If You Loved The Book…The Movie Is A Sigh of Relief
BY BECCA CHILBERT
A room full of cloaked and giddy muggles sat down to watch the first half of the coveted Harry Potter and the Deathly Hallows. They came ready to cringe at every book discrepancy, to sneer at every unbelievable effect and to leave the theatre shouting, “the book was better.” They left instead, elated.
The movie, directed by David Yates (Order of the Phoenix, Half Blood Prince), took careful measures to remain true to the bestselling novel. Little details were honored, some even as minute as the insides of the deceptively small giant tents previously used for the Quidditch World Cup. Hermione wore revealing perfume in the woods, and Lupin interrogated Harry to check his identity. Readers could sigh, knowing their story was being respected and simply enjoy the movie.
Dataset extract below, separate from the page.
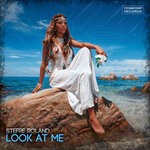 cover: Stefre Roland - Look At Me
They could enjoy the delightful animation creatively crafted for the telling of the “Three Brother’s” a fictional fairy tale. They could laugh at Ron, Fred, and George’s witticism’s. Book readers could take in the aesthetic novelty of beloved characters morphing into Harry after drinking the form altering Polyjuice potion. When the opening chase scene had Harry and Hagrid riding the motorcar on the ground, using traditional ground chase scene staging, the bookworms enjoyed it. The well placed close-ups, the haunting music, and of course the special effects did not go unnoticed in this film. In fact, Yates respect for the original story allowed the transition to a movie medium to be celebrated.
A book reader myself, I wouldn’t go so far as to say that, “the movie was better.” However, I will say that Harry Potter and the Deathly Hallows, the movie, was extraordinary.